Kioxia has announced the GP Series, a new SSD designed for AI systems that would allow GPUs to directly access flash memory as an extension of high-bandwidth memory, or HBM. If that sounds specialised, that's because it is. And if you've been following the AI race at all, you'll understand why this matters.

The problem is straightforward: modern GPUs have only so much memory attached to them. When AI models demand access to more data than fits in that on-board memory, performance tanks. AI models are rapidly scaling toward trillions of parameters while context windows expand to millions of tokens, driving an unprecedented growth in KV (Key Value) cache requirements. Architectures such as NVIDIA's Context Memory Storage (CMX) recognize the need to extend the memory hierarchy beyond GPU memory using high-performance storage. Kioxia's solution lets GPUs talk directly to flash storage fast enough that it feels like memory, not storage.

The performance numbers are where things get interesting. The CM9 series comes with Kioxia's XL-flash, which is designed to achieve over 10 million IOPS, a figure that is around three to four times greater than traditional datacenter SSDs. XL-Flash is made using SLC NAND flash (the fastest flash type available) that boasts a read latency range of just 3 to 5 microseconds. For context, traditional SSDs normally have a peak at 3 to 4 million IOPS and have read latencies in the 40 to 100-microsecond range. That latency difference is the gap between a GPU waiting an eternity for data and a GPU that can retrieve it in a blink.

The technology sits at the intersection of two trends. First, Nvidia's Storage-Next initiative aims to address growing demand for GPU-accessible memory as AI workloads become more data-intensive. Second, the industry is bifurcating. Some SSDs are optimised for capacity and throughput; these are optimised purely for speed and random access patterns, with higher IOPS, finer-grained data access (512 bytes), and lower power consumption per IO, compared with Kioxia conventional TLC SSDs.

Kioxia is tackling the problem in two parts. The GP Series handles the general memory extension problem. But there's also the KIOXIA CM9 Series PCIe 5.0 E3.S SSD, offering 25.6 TB TLC capacity with 3 DWPD endurance, provides the performance, capacity, and endurance needed to support these large-scale inference environments. This bigger drive targets key-value cache, the specialised data structures that large language models use during inference.

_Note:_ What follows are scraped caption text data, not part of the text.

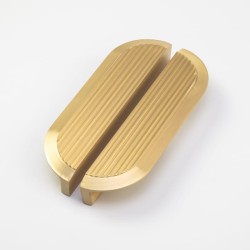 Uchwyt meblowy mosiądz złoty mat SY 9064.0128.BB 14,8cm.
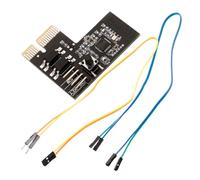 NUOBESTY Carte de Bouton D’Alimentation PC à Distance en Plastique et Puce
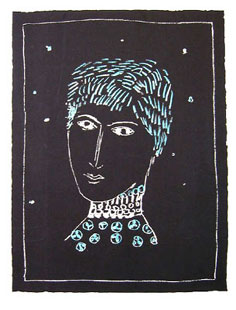 MUSIC : ida, 1950, lithograph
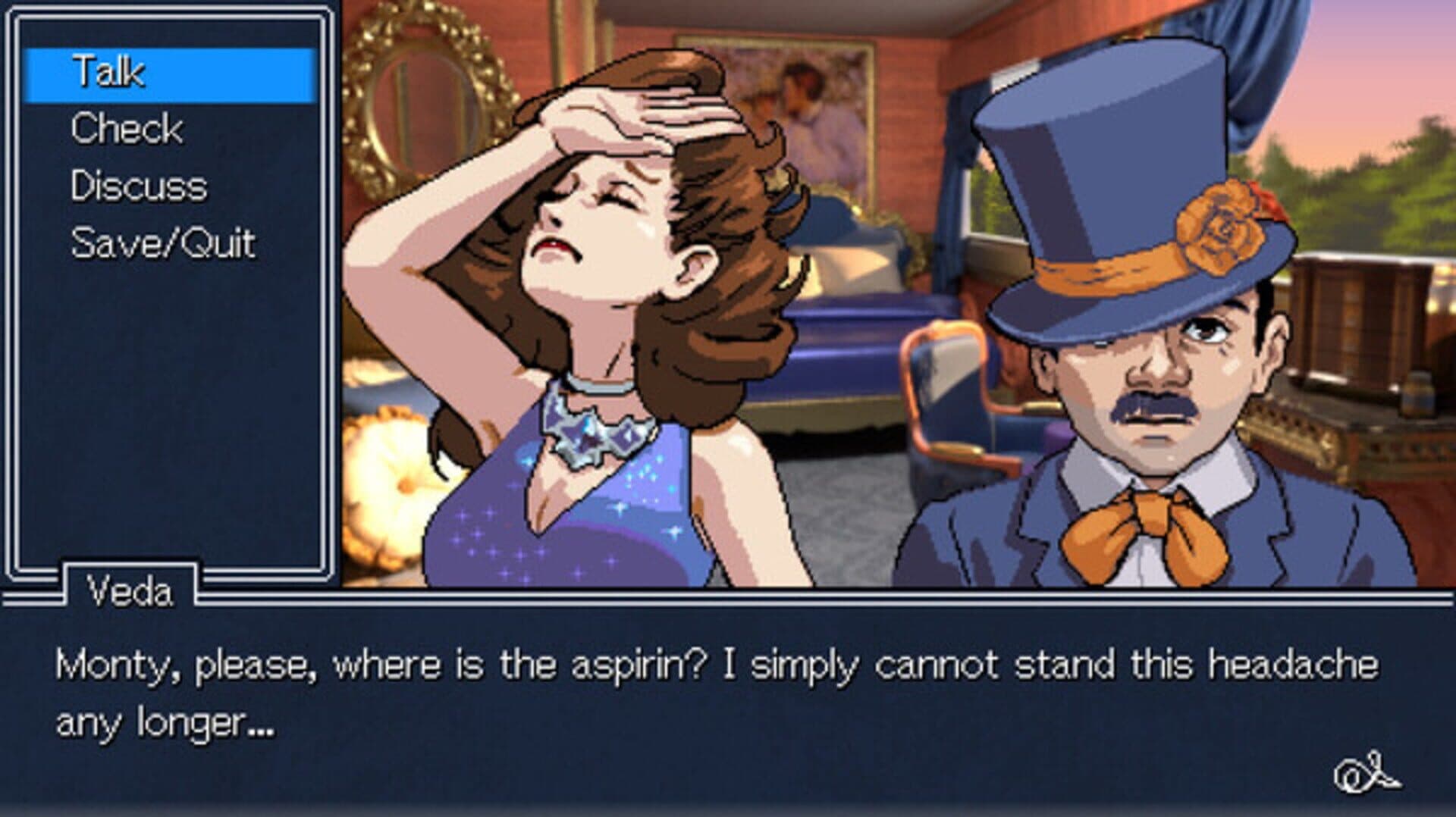 Screenshot for Detective Instinct: Farewell, My Beloved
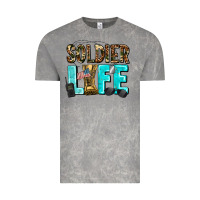 Cloud Rock soldier  life Vintage Tee - AdoDesignShop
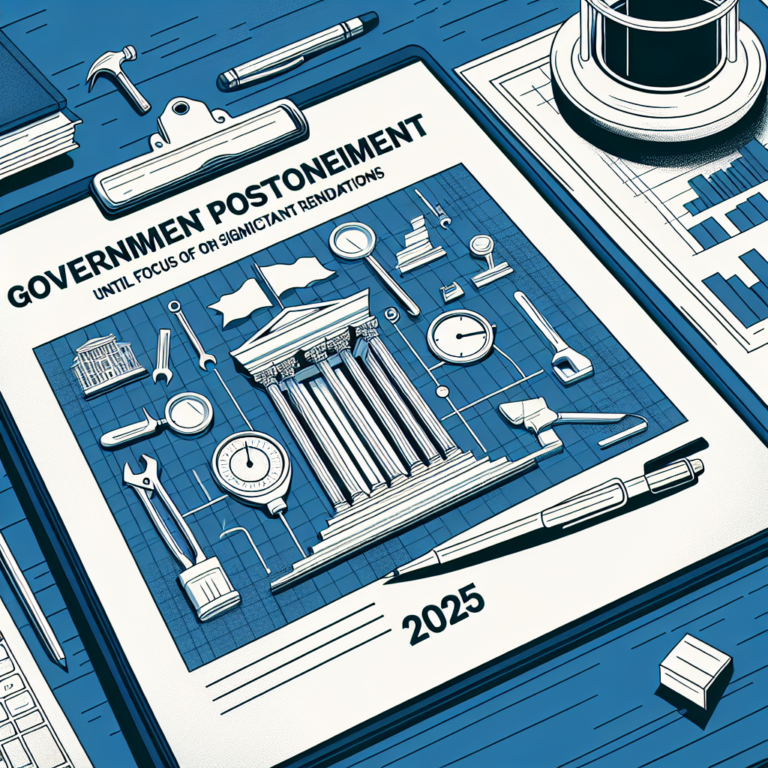 - 13 Report du gouvernement jusqu’en 2025 pour se concentrer sur les rénovations importantes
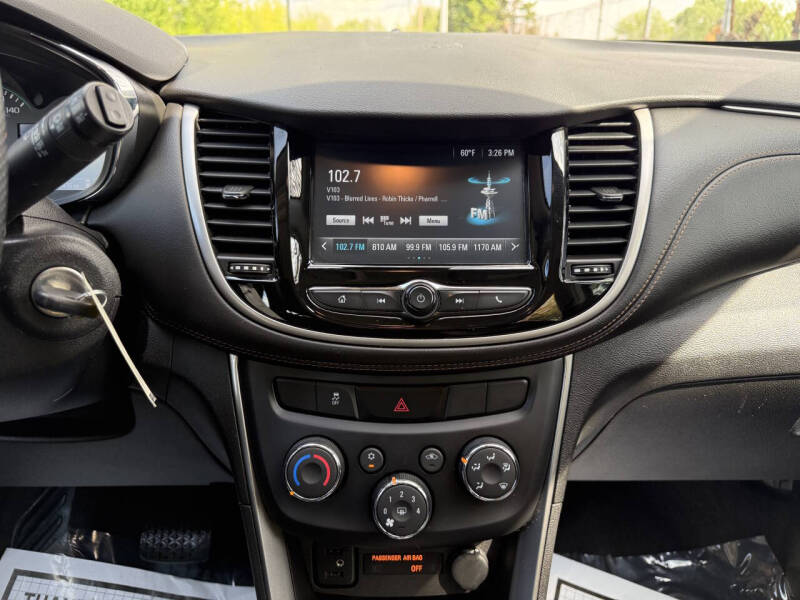 2017 Chevrolet Trax LS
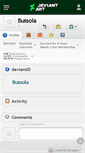 Mobile Screenshot of bussola.deviantart.com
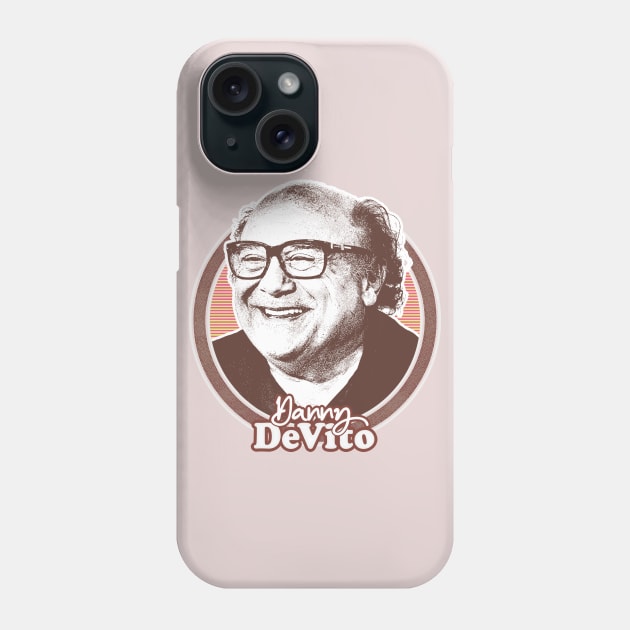 Danny DeVito // Retro Fan Art Design Phone Case by DankFutura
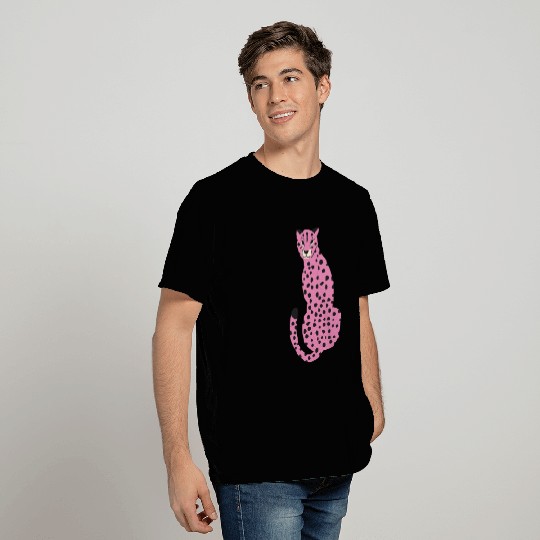 Pink Cheetah T Shirts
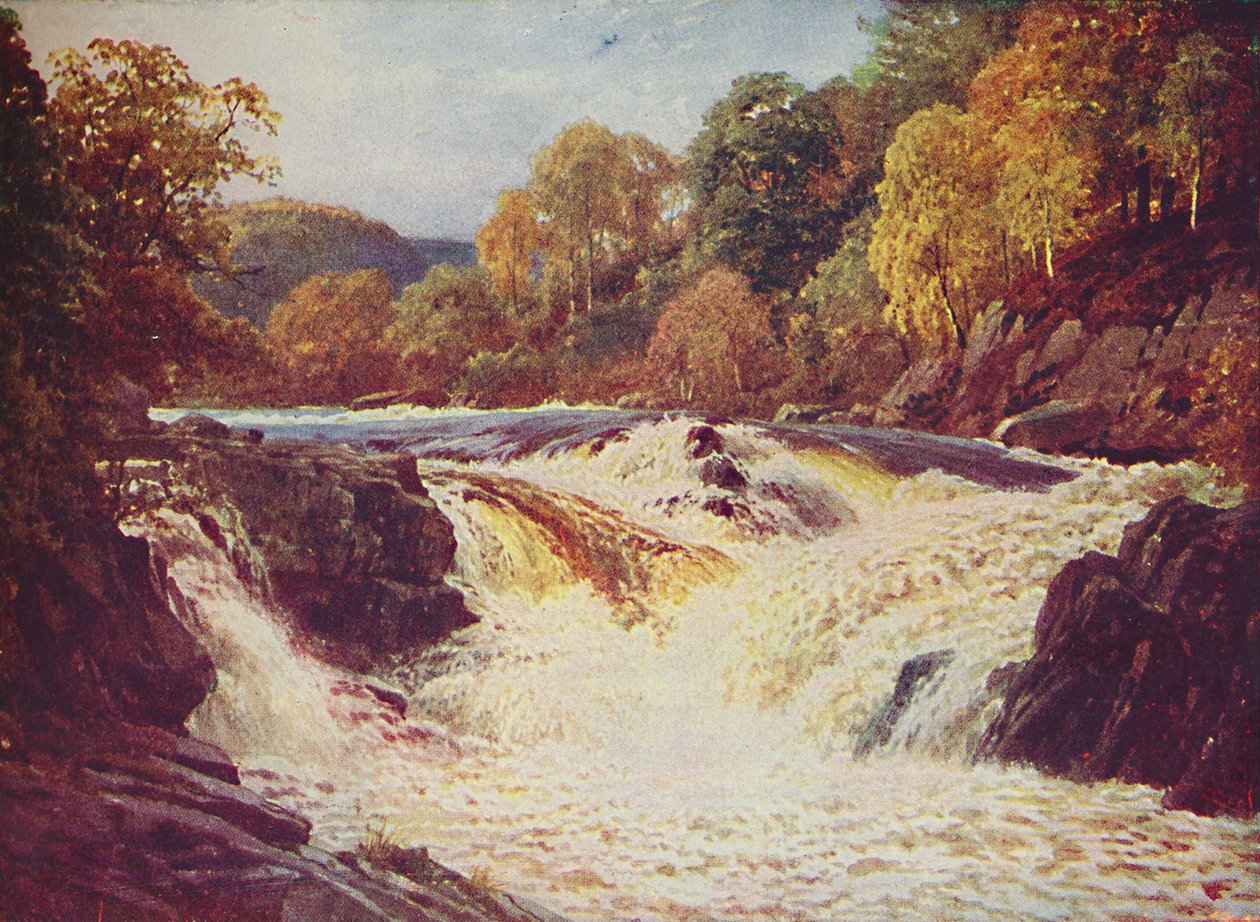 ए माउंटेन टॉरेंट, 1910 द्वारा हेरोल्ड सुटन पामर
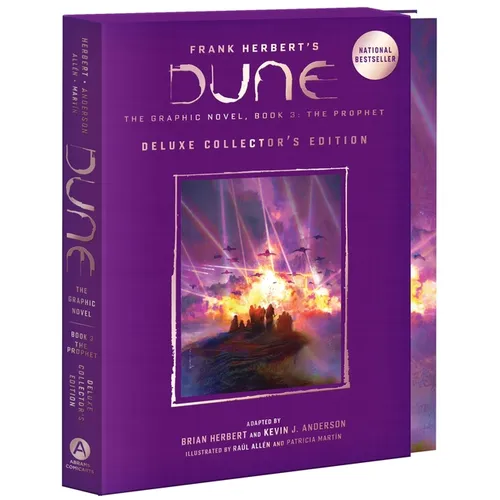 Dune: The Graphic Novel, Book 3: The Prophet: Deluxe Collector's Edition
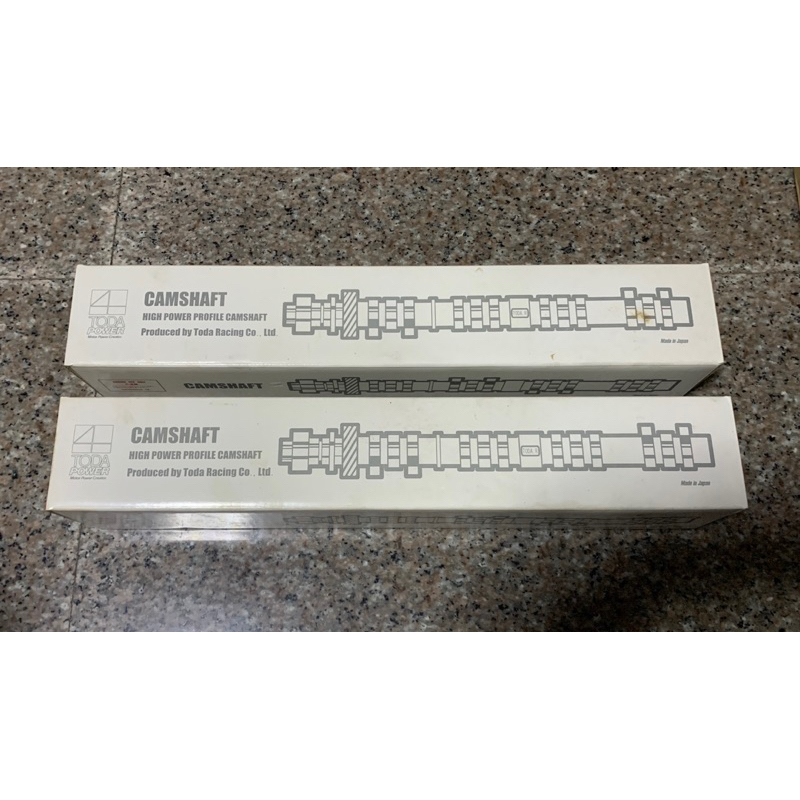 แคมชาฟท์ 4AG (5valve) TODA Racing
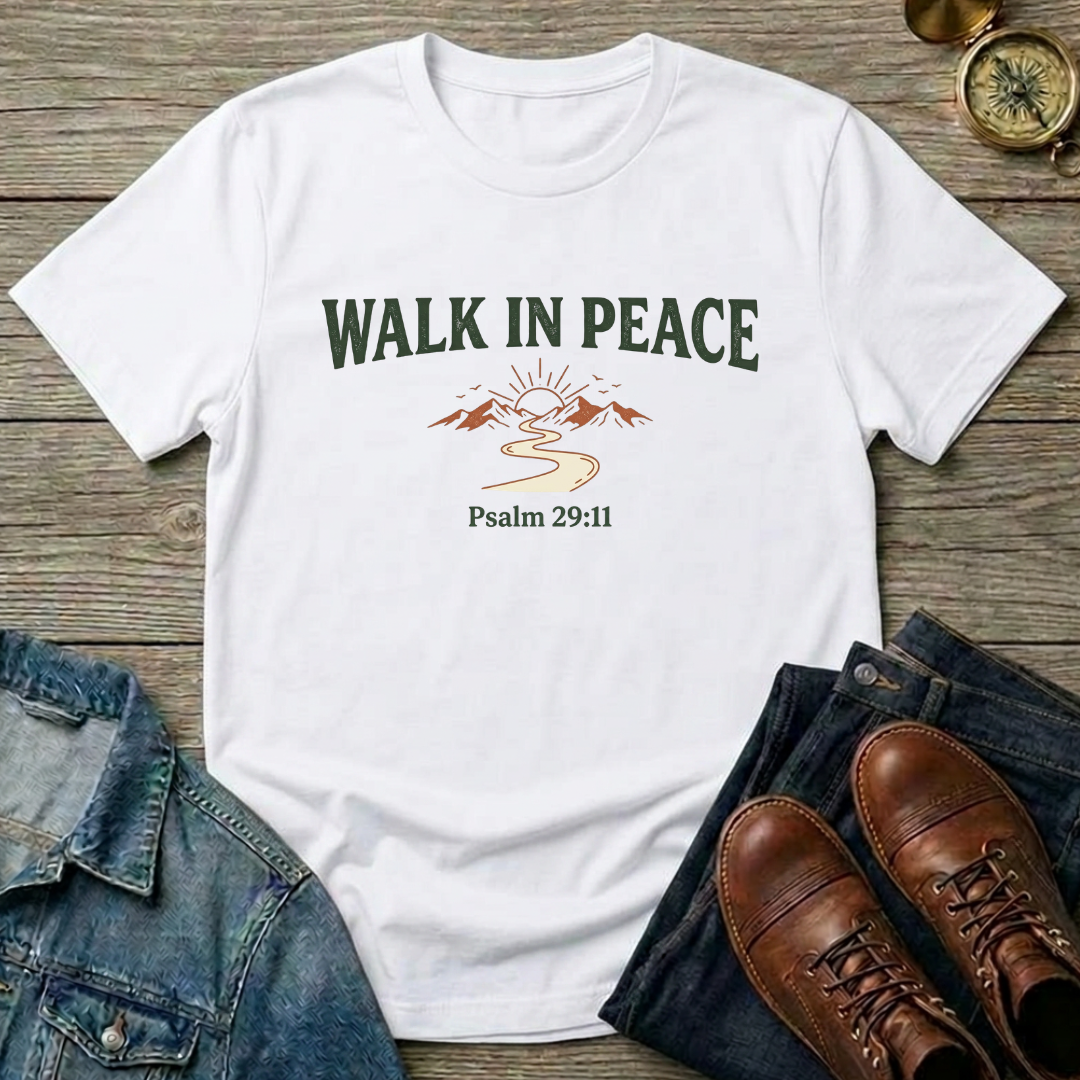 Walk In Peace T-Shirt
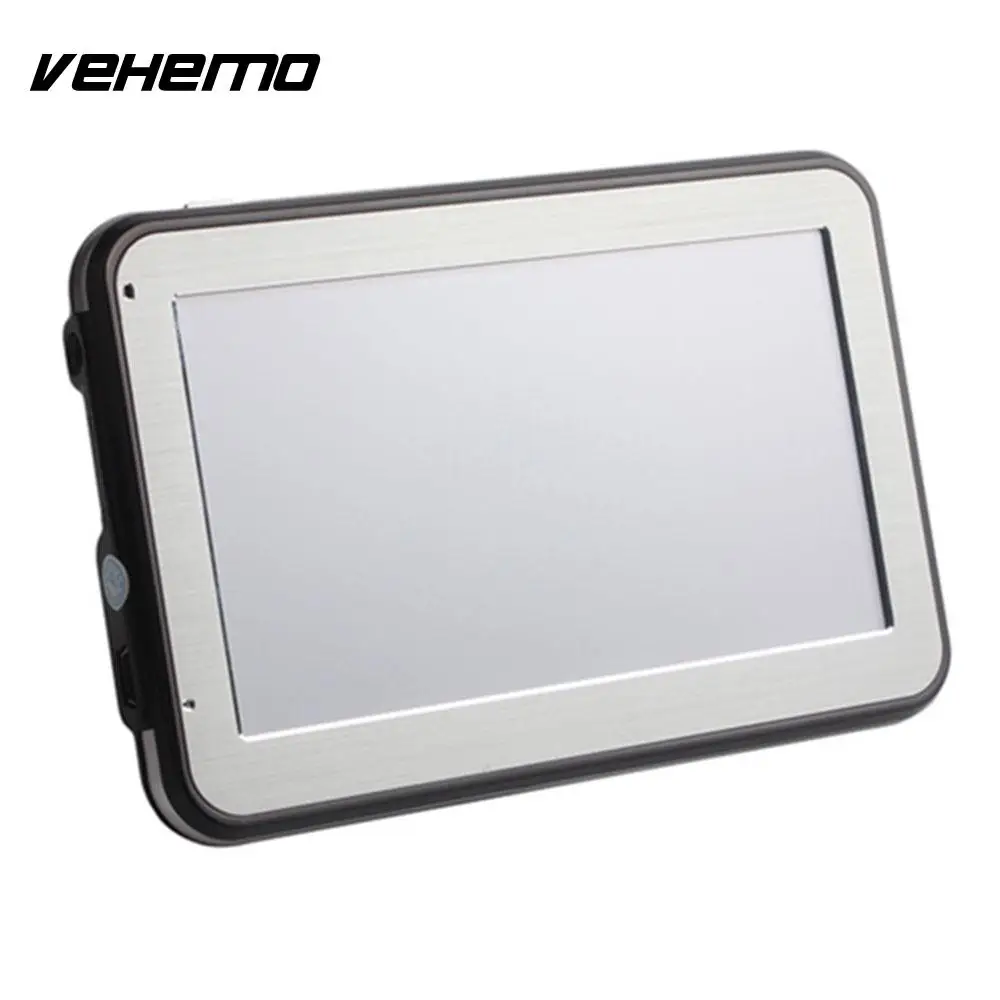 

Bluetooth FM Camera GPS Navigator Portable Electronic Album Vehicle GPS Navigator Multifunctional Electronics Car Navigator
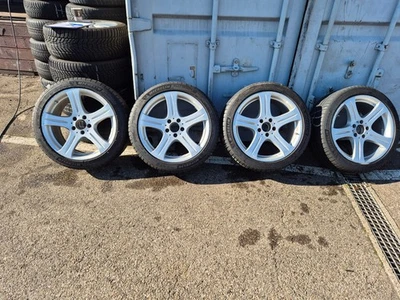 Original Mercedes-Benz CLS C219 Sommeradsatz A2194010802 8,5JX18H2 ET18 - Bild 1 von 4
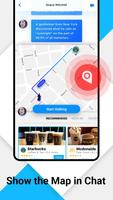 Messenger Home - SMS Widget, Home Screen syot layar 3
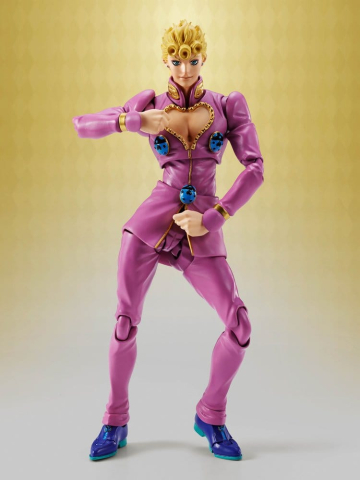 PRECOMENZI - JoJo's Bizarre Adventure: Golden Wind S.H.Figuarts Action Figure Giorno Giovanna 16 cm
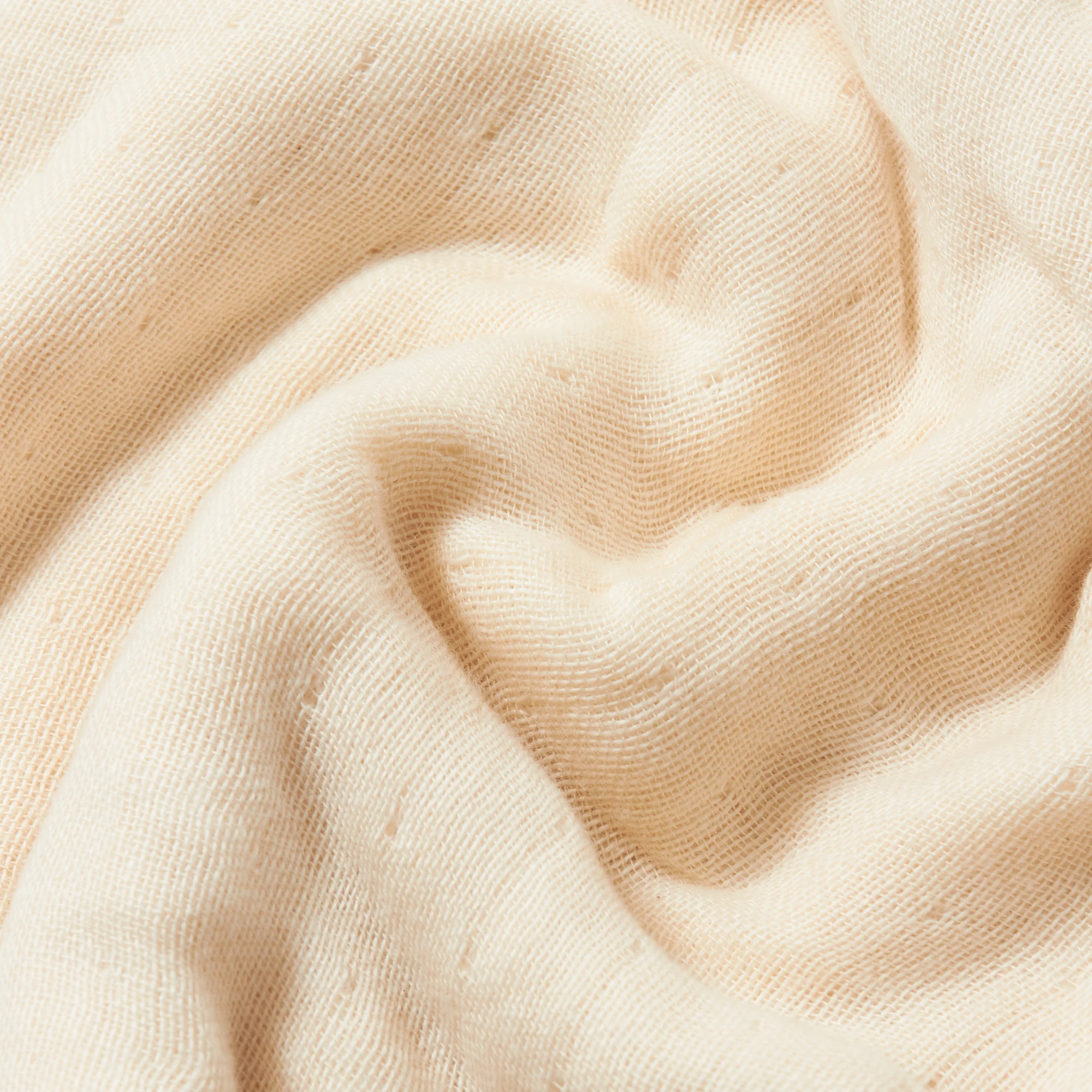 Warm Custom Print Cotton Woven Blanket With A Four-Layer Gauze Woven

The real-world implication is cost and efficiency. Expanding the GPU's usable memory space allows access to larger data sets and improves GPU utilization by moving more data closer to compute resources. Instead of buying more GPU memory, which is expensive and space-constrained, data centre operators can add high-performance storage. It is a different trade-off, one that works better the further you push AI models toward their limits.

The catch is availability. Evaluation samples of KIOXIA GP Series will be available to select customers by the end of 2026. This is not a product you can buy today. It is an architecture that Kioxia and Nvidia have jointly specified, and it exists in prototype form right now. KIOXIA will be demonstrating the Super High IOPS SSD emulator and other technology innovations at NVIDIA GTC, booth 3522.

The technical question is whether these drives can actually sustain 10 million IOPS in real workloads, or whether, like so many storage marketing claims, the numbers are achieved only under laboratory conditions. The market question is whether data centre builders will trust a new storage category. But the strategic question is settled: as AI models get bigger and memory constraints get tighter, the architecture itself has to change. Kioxia is betting this is how it changes.